Arrêt du 9 janvier 2004 
Cour de cassation pénale 
 
Composition 
MM. et Mme les Juges Schneider, Président, 
Kolly et Pont Veuthey, Juge suppléante. 
Greffière: Mme Kistler. 
 
Parties 
X.________, 
recourant, représenté par Me Katia Elkaim, 
 
contre 
 
Y.________, 
intimé, représenté par Me Charles-Henri de Luze, avocat, 
Ministère public du canton de Vaud, rue de 
l'Université 24, case postale, 1014 Lausanne. 
 
Objet 
Lésions corporelles graves (art. 125 CP), 
 
pourvoi en nullité contre l'arrêt du Tribunal cantonal vaudois, Cour de cassation pénale, du 10 mars 2003. 
 
Faits: 
A. 
Du 1er juillet au 30 septembre 1998, X.________ a été engagé comme manutentionnaire à la V.________. Le 18 septembre 1998, il a été amené à travailler sur une machine à compacter le carton. Alors que son collègue Z.________ était resté sur la plate-forme de chargement, X.________ est descendu au pied de la presse pour introduire la grille de fermeture dans la presse. Comme cette grille ne tenait pas debout, sans doute parce qu'il n'y avait pas assez de déchet dans la presse, Z.________ l'a maintenue à l'aide d'une tige métallique, alors que X.________ a passé son bras droit par le portillon ouvert pour maintenir la grille verticalement. Z.________ a alors enclenché le piston. X.________ n'a plus eu le temps de retirer son bras et sa main a été arrachée. 
 
A la suite de l'accident, il a été constaté que le système de sécurité, qui empêche le fonctionnement du piston si le portillon n'est pas fermé, ne fonctionnait pas. Une dizaine de jours avant l'accident, conformément à la procédure interne de l'entreprise, le contremaître, Y.________, qui était responsable des machines, avait informé le service de maintenance de la défectuosité du système de sécurité à la hauteur du portillon de la presse. Vu l'urgence du problème, il n'a fait qu'un avis téléphonique. Le service technique ne lui ayant donné aucune instruction, il n'a pas mis la machine hors service, ni averti ses ouvriers de la défectuosité. Il ne s'est par ailleurs pas assuré qu'un technicien soit effectivement dépêché pour procéder à la réparation. 
B. 
Par jugement du 23 janvier 2003, le Tribunal correctionnel de l'arrondissement de La Côte a libéré Y.________ de l'accusation de lésions corporelles graves par négligence (art. 125 CP) et donné acte de leurs réserves civiles à X.________ et à la Winterthur Assurances, partie civile. 
 
Statuant sur recours de X.________ le 10 mars 2003, la Cour de cassation du Tribunal cantonal vaudois a confirmé ce jugement. 
C. 
X.________ se pourvoit en nullité auprès du Tribunal fédéral. Invoquant une violation de l'art. 125 CP, il conclut à l'annulation de l'arrêt attaqué. En outre, il sollicite l'assistance judiciaire. 

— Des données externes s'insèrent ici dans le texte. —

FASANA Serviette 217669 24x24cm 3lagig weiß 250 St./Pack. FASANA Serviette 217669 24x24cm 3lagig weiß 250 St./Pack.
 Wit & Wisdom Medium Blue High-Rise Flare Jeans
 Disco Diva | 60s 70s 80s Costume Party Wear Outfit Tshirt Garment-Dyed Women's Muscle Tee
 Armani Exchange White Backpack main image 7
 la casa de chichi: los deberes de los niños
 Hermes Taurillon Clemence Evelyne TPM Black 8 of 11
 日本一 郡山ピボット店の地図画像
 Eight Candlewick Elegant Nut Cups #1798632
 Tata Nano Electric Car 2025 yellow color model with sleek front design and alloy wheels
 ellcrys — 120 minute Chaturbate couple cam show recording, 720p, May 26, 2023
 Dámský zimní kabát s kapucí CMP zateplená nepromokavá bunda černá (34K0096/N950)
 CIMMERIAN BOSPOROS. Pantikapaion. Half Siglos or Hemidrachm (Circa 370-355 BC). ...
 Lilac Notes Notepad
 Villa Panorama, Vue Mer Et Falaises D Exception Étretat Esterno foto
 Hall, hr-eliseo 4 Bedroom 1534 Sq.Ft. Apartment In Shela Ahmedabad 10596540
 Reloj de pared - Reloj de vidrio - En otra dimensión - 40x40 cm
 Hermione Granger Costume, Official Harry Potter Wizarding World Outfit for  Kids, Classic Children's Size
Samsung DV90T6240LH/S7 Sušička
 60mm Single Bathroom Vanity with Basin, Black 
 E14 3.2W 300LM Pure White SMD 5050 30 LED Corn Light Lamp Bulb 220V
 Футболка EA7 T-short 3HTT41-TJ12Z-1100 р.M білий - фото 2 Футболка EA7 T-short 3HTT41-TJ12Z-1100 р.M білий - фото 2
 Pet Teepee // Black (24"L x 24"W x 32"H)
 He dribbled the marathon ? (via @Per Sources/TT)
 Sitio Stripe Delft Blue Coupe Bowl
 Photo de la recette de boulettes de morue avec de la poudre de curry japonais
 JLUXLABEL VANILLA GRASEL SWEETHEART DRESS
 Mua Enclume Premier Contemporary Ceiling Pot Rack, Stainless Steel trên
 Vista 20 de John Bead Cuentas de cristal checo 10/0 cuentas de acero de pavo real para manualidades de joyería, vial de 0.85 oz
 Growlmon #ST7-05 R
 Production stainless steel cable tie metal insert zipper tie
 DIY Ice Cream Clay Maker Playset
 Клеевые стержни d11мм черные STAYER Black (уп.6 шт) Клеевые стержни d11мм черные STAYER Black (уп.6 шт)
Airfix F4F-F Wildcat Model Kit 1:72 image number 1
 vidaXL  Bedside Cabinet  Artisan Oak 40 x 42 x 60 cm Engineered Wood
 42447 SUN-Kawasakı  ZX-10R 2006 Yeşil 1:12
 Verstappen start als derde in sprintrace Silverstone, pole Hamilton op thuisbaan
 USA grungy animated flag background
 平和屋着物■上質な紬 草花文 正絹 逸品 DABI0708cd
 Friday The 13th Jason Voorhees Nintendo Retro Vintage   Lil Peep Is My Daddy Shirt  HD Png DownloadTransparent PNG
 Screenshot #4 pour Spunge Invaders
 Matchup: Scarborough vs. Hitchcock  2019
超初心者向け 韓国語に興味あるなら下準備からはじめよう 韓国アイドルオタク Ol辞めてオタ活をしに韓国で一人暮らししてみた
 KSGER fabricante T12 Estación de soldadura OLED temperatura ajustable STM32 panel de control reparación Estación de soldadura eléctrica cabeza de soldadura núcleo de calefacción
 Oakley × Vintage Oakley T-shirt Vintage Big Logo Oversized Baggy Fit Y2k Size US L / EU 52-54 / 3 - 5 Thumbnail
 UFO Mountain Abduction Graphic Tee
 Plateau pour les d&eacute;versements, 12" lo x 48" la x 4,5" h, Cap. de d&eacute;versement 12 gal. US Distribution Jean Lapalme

L'intimé conclut au rejet du pourvoi, requérant par ailleurs l'assistance judiciaire. 
 
Le Ministère public vaudois s'en remet à justice. 
 
Le Tribunal fédéral considère en droit: 
1. 
1.1 En vertu de l'art. 270 let. e ch. 1 PPF, le lésé qui est une victime d'une infraction au sens de l'art. 2 de la loi fédérale du 4 octobre 1991 sur l'aide aux victimes d'infractions (LAVI, RS 312.5) peut exercer un pourvoi en nullité autant qu'il est déjà partie à la procédure et dans la mesure où la sentence touche ses prétentions civiles ou peut avoir des incidences sur le jugement de celles-ci. 
 
En l'espèce, le recourant doit être considéré comme une victime au sens de l'art. 2 al. 1 LAVI, étant donné qu'il a eu les doigts de la main droite arrachés et qu'il a dès lors subi une atteinte directe à son intégrité corporelle. Lors d'accident professionnel, l'assuré à titre obligatoire est indemnisé par l'assurance accident. En cas de négligence grave de l'employeur, il peut cependant faire valoir ses prétentions civiles contre son employeur, respectivement l'assurance responsabilité civile de ce dernier (art. 44 aLAA, RS 832.20; ATF 125 IV 153 consid. 2 p. 156 ss). Le recourant a déjà participé à la procédure pénale, puisqu'il a provoqué, par son recours, la décision attaquée. Il a demandé acte de ses réserves civiles. Conformément à la jurisprudence (ATF 127 IV 185 consid. 1a p. 187), il expose dans son mémoire de recours qu'il n'a pas pu encore chiffrer ses conclusions civiles, car son état de santé n'est pas encore stabilisé et qu'il convient notamment de lui poser encore une prothèse. Le recourant explique qu'il entend réclamer des dommages-intérêts pour la diminution de la capacité de gains et l'atteinte à son avenir économique ainsi qu'une indemnité pour tort moral en raison du traumatisme inévitable que représente la perte d'une main. En conséquence, les conditions de l'art. 270 let. e ch. 1 PPF sont réunies, et il y a lieu d'admettre que le recourant a qualité pour recourir. 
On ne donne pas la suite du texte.